Create dataframe of column names and respective descriptions from < strong > tags. < strong > tags correspond to column names and the next_sibling to the associated description.

In [3]:
cols = []
desc = []
for strong_tag in soup.find_all('strong'):
    cols.append(strong_tag.text)
    desc.append(strong_tag.next_sibling)

pd.set_option('display.max_rows', 100)
pd.set_option('display.max_colwidth', 5000)

col_info = pd.DataFrame()
col_info['column_name'] = cols
col_info['descriptions'] = desc

col_info.head()

Unnamed: 0,column_name,descriptions
0,Application_ID:,A unique identifier of the project record in the ExPORTER database.
1,Activity:,"A 3-character code identifying the grant, contract, or intramural activity through which a project is supported. Within each"
2,\n\r\n Administering_IC:,"Administering Institute or Center - A two-character code to designate the agency, NIH Institute, or Center administering the grant. See"
3,Application_Type:,A one-digit code to identify the type of application funded:
4,ARRA_Funded:,“Y” indicates a project supported by funds appropriated through the American Recovery and Reinvestment Act of 2009.


Perform basic text cleaning

In [4]:
col_info['column_name'] = col_info['column_name'].str.replace('\n\r\n', '')
col_info['column_name'] = col_info['column_name'].str.replace(':', '')
col_info['column_name'] = col_info['column_name'].str.lower()
col_info = col_info.drop(col_info.index[[8, 37]]) # <br/> text

#save information about publications in case needed in the future
publication_info = col_info.iloc[46:, :]
publication_info.to_csv('publication_info.csv')
col_info = col_info.drop(publication_info.index)
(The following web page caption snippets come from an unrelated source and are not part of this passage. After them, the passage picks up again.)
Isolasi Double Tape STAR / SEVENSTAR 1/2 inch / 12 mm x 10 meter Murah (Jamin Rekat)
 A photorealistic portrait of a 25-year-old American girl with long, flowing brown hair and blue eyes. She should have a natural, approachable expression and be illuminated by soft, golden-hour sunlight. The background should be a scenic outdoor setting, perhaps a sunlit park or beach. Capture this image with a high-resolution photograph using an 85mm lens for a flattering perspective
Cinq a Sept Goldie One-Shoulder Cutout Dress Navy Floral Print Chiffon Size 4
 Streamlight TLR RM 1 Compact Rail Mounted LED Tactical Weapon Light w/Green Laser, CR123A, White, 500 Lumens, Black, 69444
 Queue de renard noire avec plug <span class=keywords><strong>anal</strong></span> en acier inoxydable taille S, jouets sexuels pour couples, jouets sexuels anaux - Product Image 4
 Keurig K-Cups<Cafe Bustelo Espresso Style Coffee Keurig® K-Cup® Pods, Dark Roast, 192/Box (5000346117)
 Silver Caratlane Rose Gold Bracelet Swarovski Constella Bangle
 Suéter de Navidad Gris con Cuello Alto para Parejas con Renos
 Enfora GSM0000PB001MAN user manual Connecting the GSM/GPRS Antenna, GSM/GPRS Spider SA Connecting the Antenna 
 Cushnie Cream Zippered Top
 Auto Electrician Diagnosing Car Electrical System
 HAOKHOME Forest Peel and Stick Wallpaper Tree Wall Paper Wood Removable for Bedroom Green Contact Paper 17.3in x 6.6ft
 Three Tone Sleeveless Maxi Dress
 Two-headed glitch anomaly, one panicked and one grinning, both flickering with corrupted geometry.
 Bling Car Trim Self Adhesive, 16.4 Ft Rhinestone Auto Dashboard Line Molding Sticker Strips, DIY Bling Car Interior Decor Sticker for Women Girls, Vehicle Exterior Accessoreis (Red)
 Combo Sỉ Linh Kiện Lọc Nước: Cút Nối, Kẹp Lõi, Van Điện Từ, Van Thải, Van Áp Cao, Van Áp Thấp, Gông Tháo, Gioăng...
Not all descriptions are full descriptions due to the fact that href links are embedded along with text and are therefore not captured by next_sibling. To get the full descriptions of these columns, including the titles of the links, see below.

In [5]:
col_gen_pairs = [
    (1, 7),
    (2, 2),
    (12, 4),
    (14, 3),
    (15, 3),
    (18, 3),
    (44, 3),
    (45, 3),
]

full_descs = []
for pair in col_gen_pairs:
    description = get_full_desc(soup, pair[0], pair[1])
    full_descs.append(description)

Replace partial descriptions with full descriptions.

In [6]:
indexer = [_[0] for _ in col_gen_pairs]
for i in indexer:
    col_info = col_info.replace(col_info.ix[i, 1], full_descs[indexer.index(i)])

In one description, text was bolded (< strong >) in the body of the paragraph and therefore a new row was formed. Add text to appropriate description and remove extraneous row.

In [7]:
col_info.ix[42, 1] = str(col_info.ix[42, 1]) + '04 is in its fourth year of support.'

col_info = col_info.drop(col_info.index[[41]])

Two descriptions had associated lists. Get the list information and add to the appropriate descriptions.

In [None]:
rn = '\r\n'

application_type = get_desc_uls(soup, 'p')
application_type = application_type.replace(rn, '')
application_type = application_type.replace('\t\t\t\t\t\t\t', '')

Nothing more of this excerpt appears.